Yellowstone was something that I couldn't wait to experience before I got there, and when we finally arrived and began hiking through, I couldn't wait to be out, almost. The trail was nice in places, it was scenic, the geysers were screaming at us all day while the smell of sulfur filled the air, and the mud was aplenty. Trudging through miles of mud, fording river crossing after river crossing, and even a natural hot spring made for a less than stellar four days in the park. The hot spring was the only saving grace, really. The Park was not what I expected or wanted, but my first trip to Yellowstone was nothing short of memorable. I imagine I'll be back at some point.
8/23 | 8:28 A.M:
I didn't have much time to write yesterday as we were in Jackson, WY having a grand old time on part one of our day off. We enjoyed great food, good company, and a hell of a lot of a good (shitty) beer at the Bluegrass Bar last night.
At this point, we are out of Yellowstone, and about to enter the Wind River Range, supposedly the most beautiful section of Trail. Northern WY has been gorgeous, but lackluster in the few areas we've hiked through. The days are beginning to get shorter, while our miles needed are staying the same or getting bigger.
As the mornings continue to get colder, the days will as well. Cold out here on the CDT presents another challenge to deal with that we haven't had yet. We've had rain, hail, sleet, and absolute awful weather, but we haven't truly had the cold yet. Not just any cold though, the bone ticking, deep sinking cold that you can't shake. The cold where it's in your core for hours, begging to be touched by anything that breathes and radiated heat. The cold that actually makes you question everything you're doing while simultaneously making you only do one thing, and thats shiver.

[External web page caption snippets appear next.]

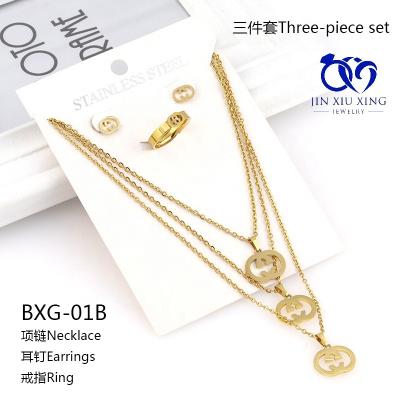 China JXX BXG-01B Classic Stainless Steel Jewelry Sets 18K Gold Plated for sale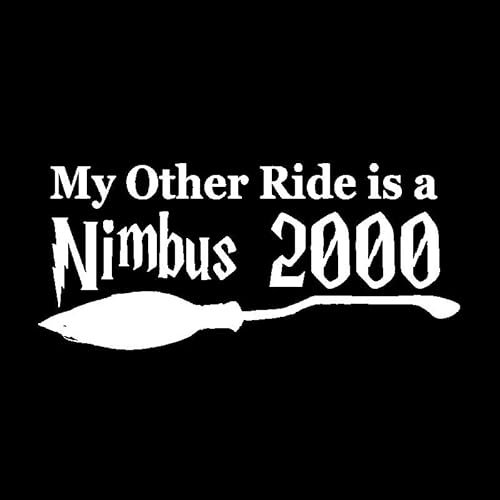 CHSLO Autoaufkleber 15,7 cm * 7 cm Lustig Meine andere Fahrt ist ein Nimbus 2000 Vinyl Auto Aufkleber Schwarz Silber Aufkleber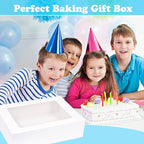 10 Pack 19x14x5 Inch Large Rectangle Cake Boxes with Thick Cake Boards, Half Sheet Bakery Boxes for Pastry Baking,Cupcake,Muffins & Pie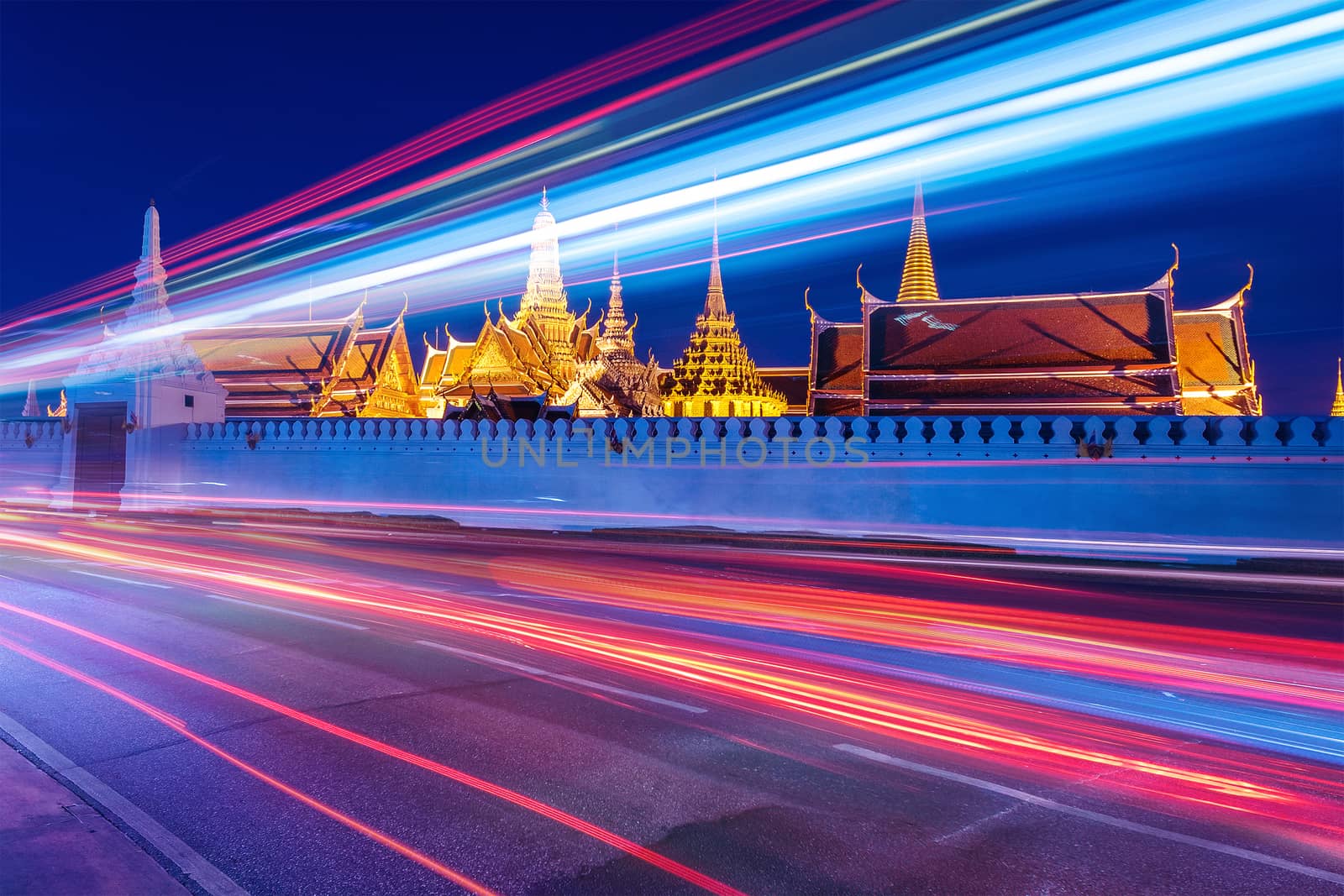 Wat Phra Kaew (The Emerald Buddha) night view in Thailand by Surasak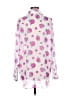 American Apparel 100% Polyester Hearts Pink Long Sleeve Blouse One size - photo 2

We haven't had that yet, and I'm hoping when we get it, I'm prepared for it. Actually, I will be prepared for it. That's really one of the most amazing things about the human mind and body. Our ability to adapt. Our ability to look at the mistakes we've made and to learn from them. Our willingness to make changes in light of new information.

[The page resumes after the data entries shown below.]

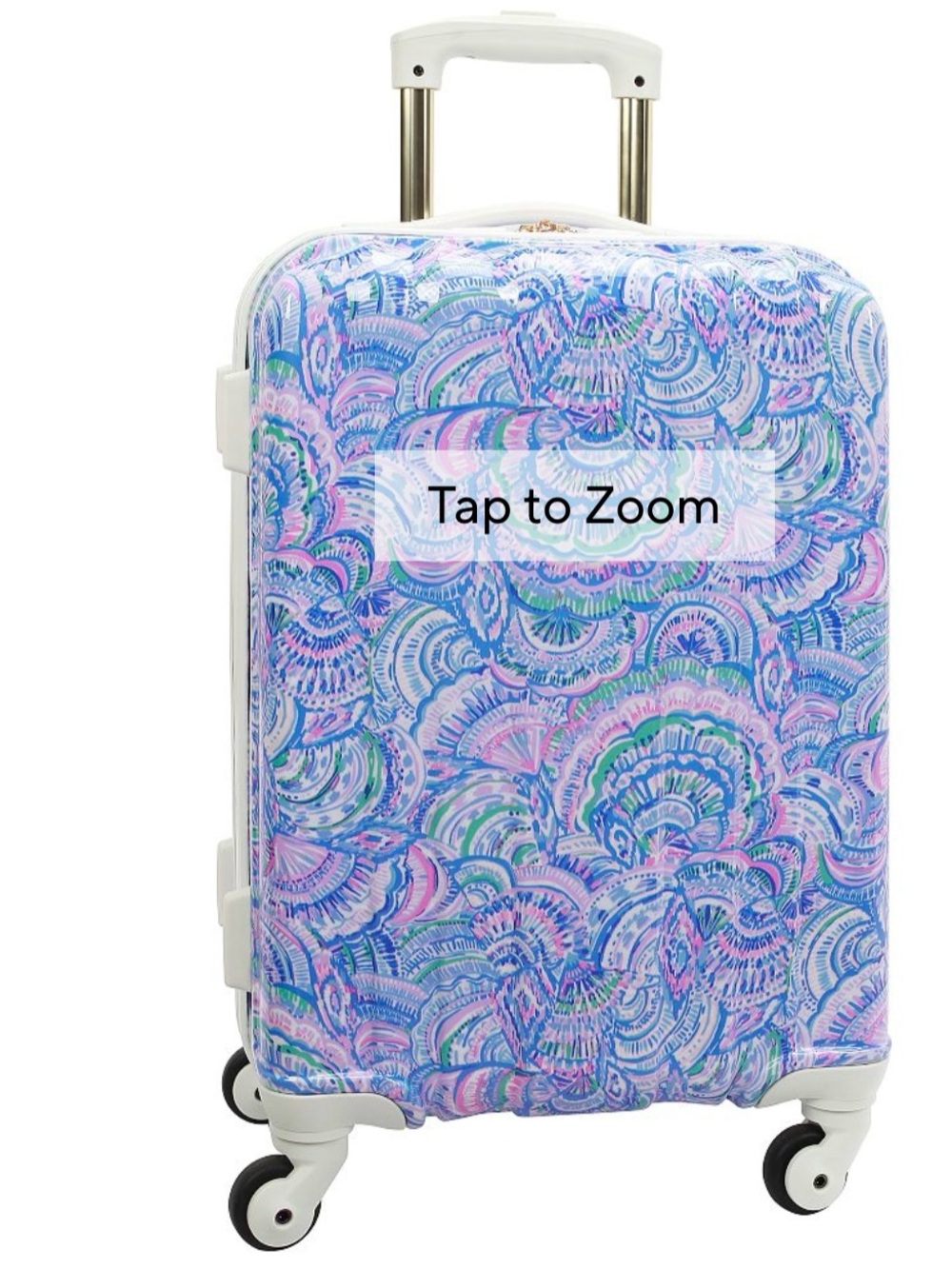 Lilly Pulitzer ‘Happy as a Clam’ Hard-Shell Spinner Carry-On Luggage in Pastel - Picture 2 of 8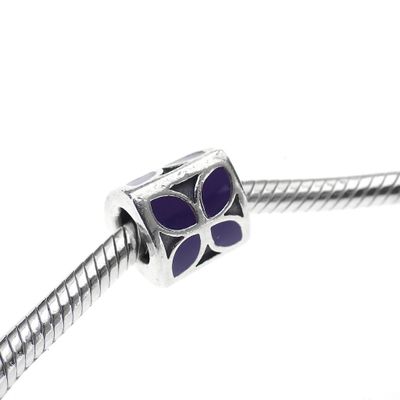 Image 2 of Pandora charm; Silver; Purple Flower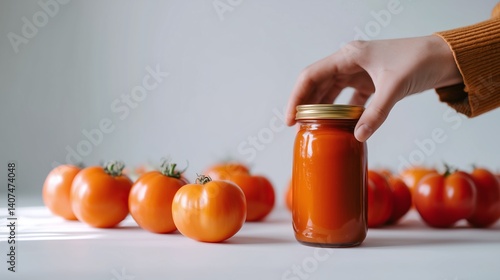 Chef holding a jar of homemade tomato passata surrounded by ripe fresh tomatoes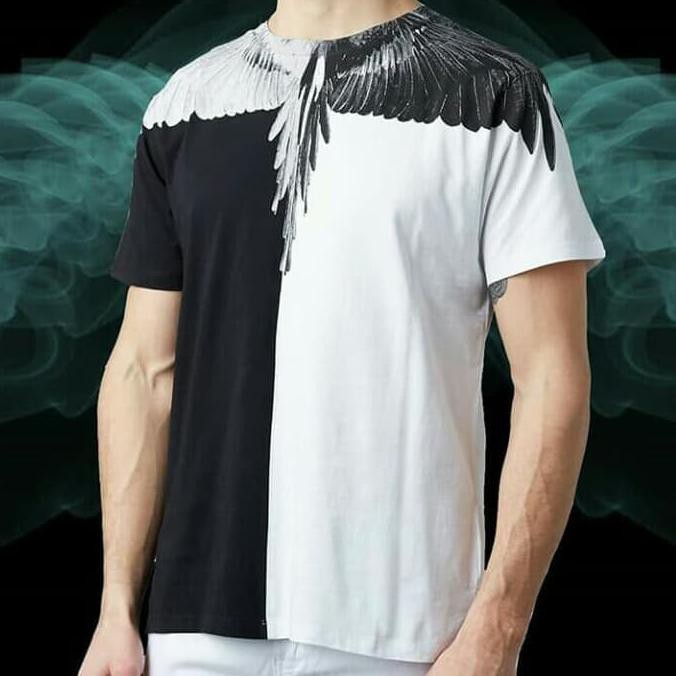 Kaos Pria Atasan Marcelo Burlon Import Black And White .Aruansy.Olshop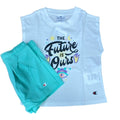 Champion Completo ragazza T-shirt smanicata e pantaloncino 404397 WW001 WHT white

Well, my ability to make all of those things happen at least, because as we know, a lot of people don't make changes or feel the need to.

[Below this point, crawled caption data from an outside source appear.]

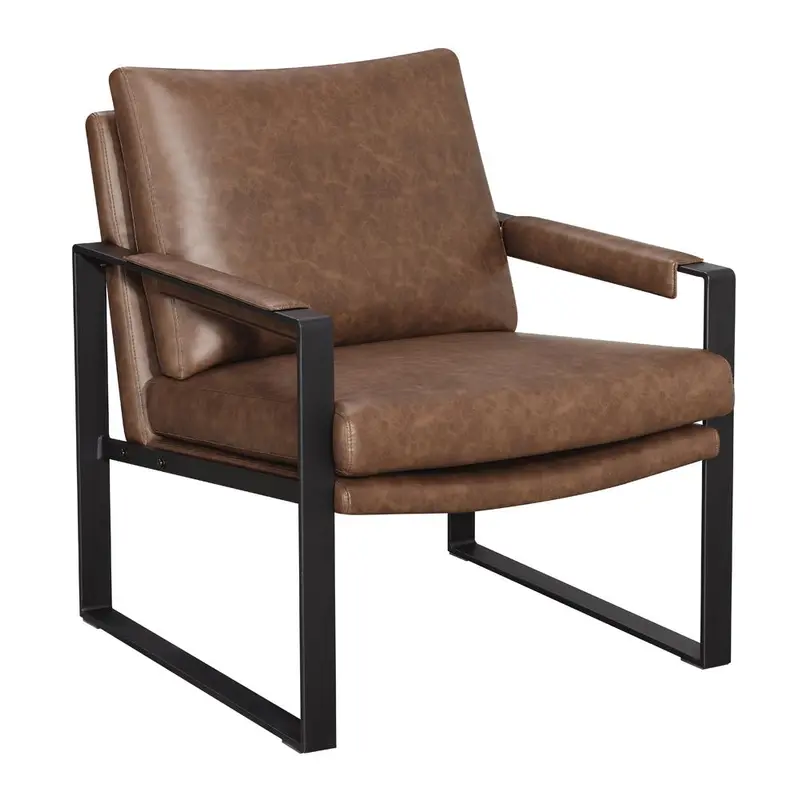 Rosalind Upholstered Accent Chair with Removable Cushion Umber Brown and Gunmetal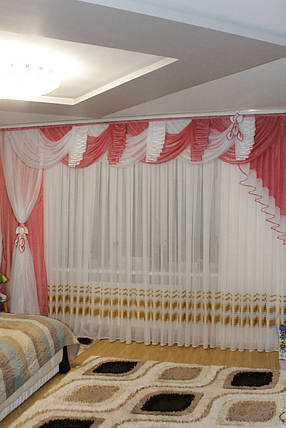 Комплект ламбрекен зі шторою Агнія 3.5 м тем.рожевий, фото 1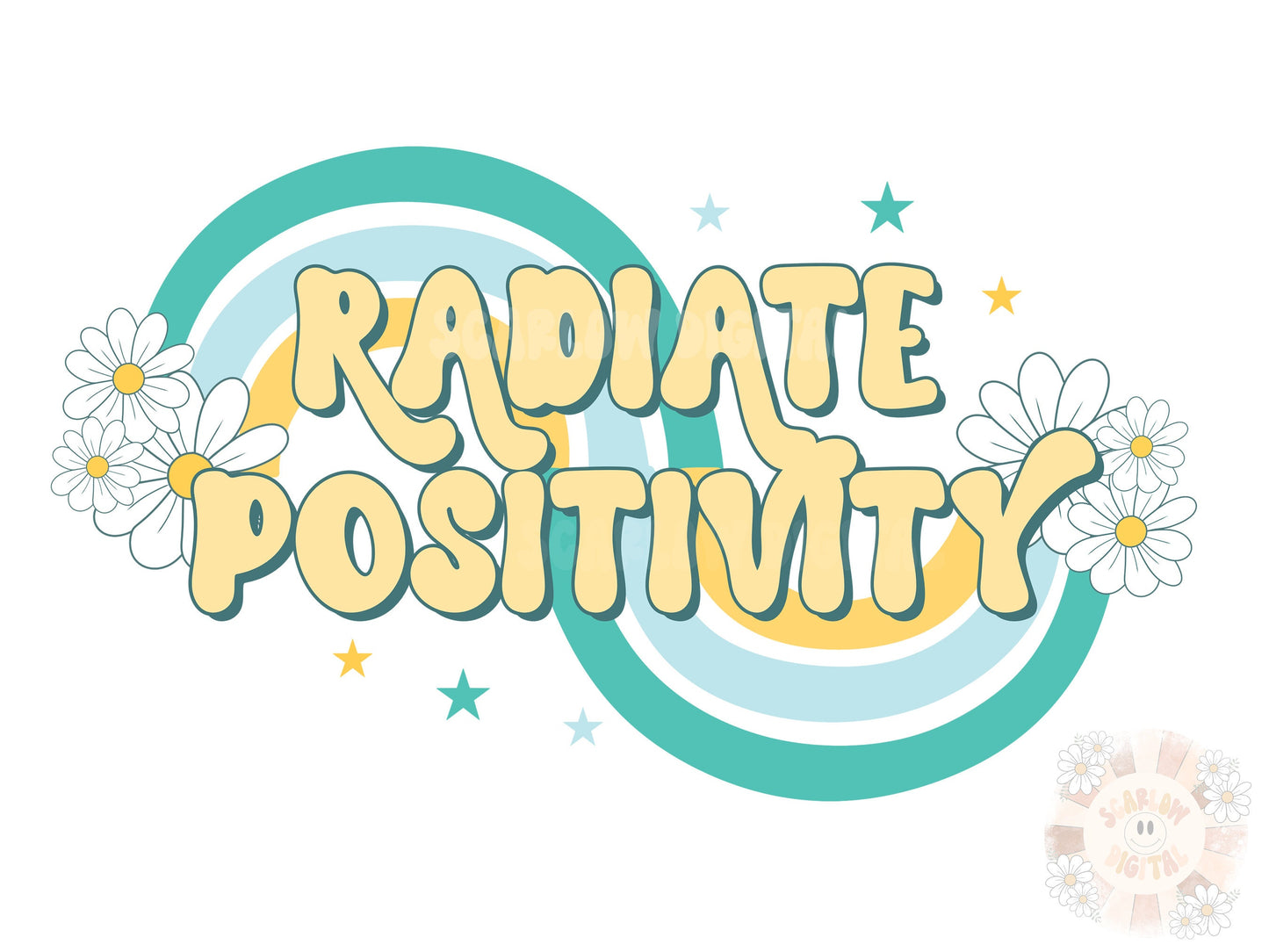 Radiate Positivity PNG-Retro Sublimation Digital Design Download-floral png, inspirational png, positivity tshirt design, hippie png design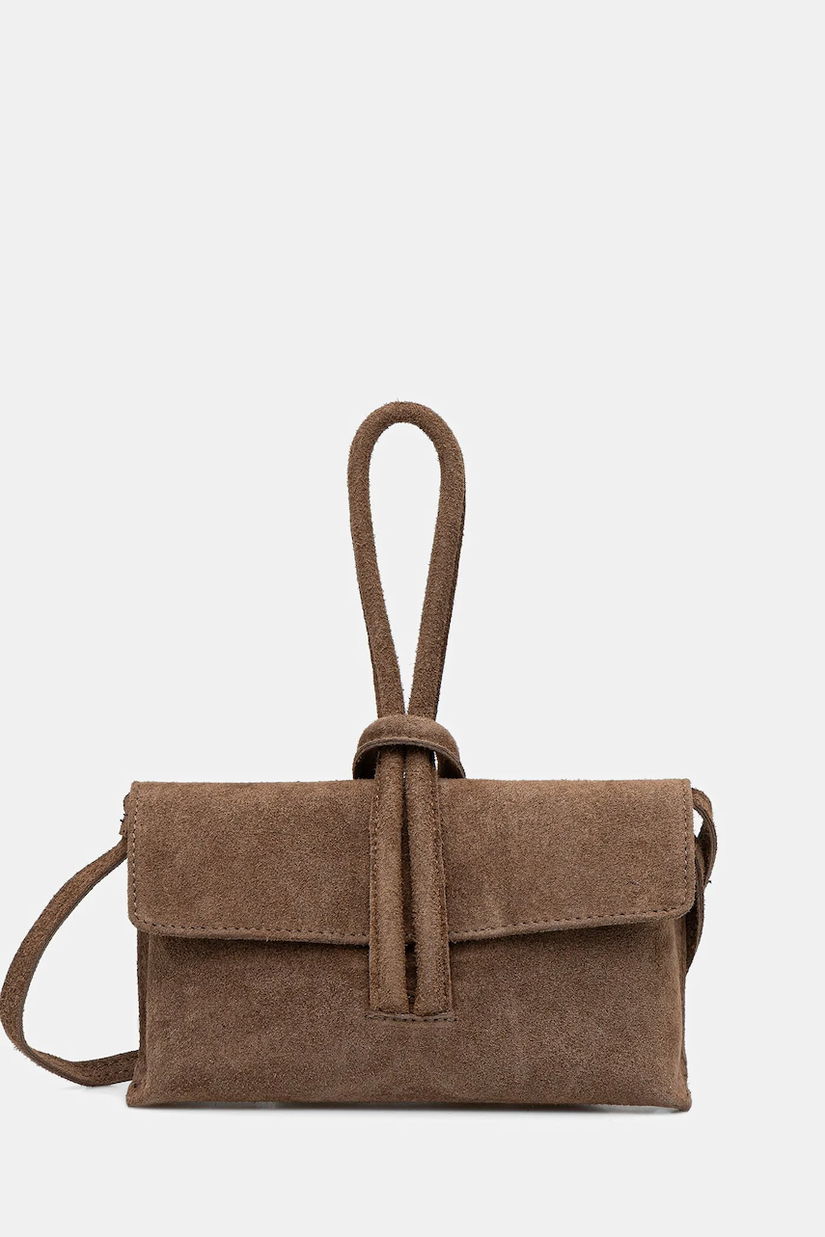 Answear.LAB geantă de mână din piele întoarsă culoarea bej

A lot of the time on the CDT is spent adapting and changing plans, as is life. Sometimes the trail disappears up a 1,300ft, 4 mile vertical bushwhack. Sometimes the mud that I mentioned swallows the trail and you find yourself in a waist deep sinkhole. (That was me). Sometimes you have to night hike to make the mileage you wanted by morning. Sometimes things just don't go as planned, and that's okay.
Everyday out here presents new and unprecedented challenges and if you fail to adapt and mold to the situation, you'll be left behind to be consumed by the winter snow.
Everyday in general, regardless if you're on a long distance hike, stuck at your office job, or not even sure what the hell youre doing ,is going to present obstacles that need to be taken head on. Learn to learn from your past and continue to push forward and grow. We are only a fraction of the people we are capable of being.
Take a step in the direction you want to head and keep that at the front of your motivation. Find ways to improve each day. Find ways to be more in tune with yourself than you were. After all, we can always be better, right?